UT Researchers May Have Found Clue to Early Life in the Crater of a Dino-Killing Asteroid

Members of the research team also believe the discovery could shed light on how life formed on earth and could form elsewhere.

By Mose BucheleNovember 29, 2016 9:33 am, , ,

Story from KUT. We speak with one of the principal researchers on the expedition after the story.

When a team of researchers left Austin on a scientific expedition to drill deep into an ancient mountain range, fans of weird fiction perked up their ears.

The plot sounded eerily familiar to the story “At the Mountains of Madness” by H.P. Lovecraft. It’s a tale about an academic team that visits an ancient mountain range, drills deep into the ground, and awakens a race of aliens – known as “the Old Ones” – who lived on Earth eons before even the dinosaurs.
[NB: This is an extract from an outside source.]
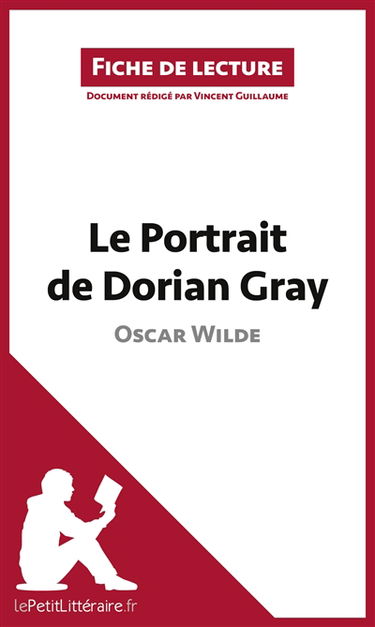 Le Portrait de Dorian Gray de Oscar Wilde (Fiche de lecture) : Résumé complet et analyse détaillée de l'oeuvre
“We did two different Reddits  – AMAs, Ask Me Anythings – and both times we got questions that sounded a lot like that,” said UT Geophysicist Sean Gulick, one of the leaders of the expedition. “’Are you going to awake a sleeping alien god?’ Or, ‘If you do, will you admit responsibility?’”

“We, of course, said we would,” he added with a laugh.

For the record, they did not rouse the Old Ones. But they did find something awe inspiring: granite.

“When we first drilled it, and granite came up out of the center of this thing that had to come from super deep. And the granite was so damaged, we were like ‘Wow this is an incredible find,” he said.

To understand why, you need to know a little background about the mountains Gulick was drilling.

Over 65 million years ago, an asteroid smashed into earth and brought an apocalypse. The aftermath of impact wiped out the dinosaurs and set the stage for man to evolve. The impact itself also created a ring of mountains close to the center of the crater.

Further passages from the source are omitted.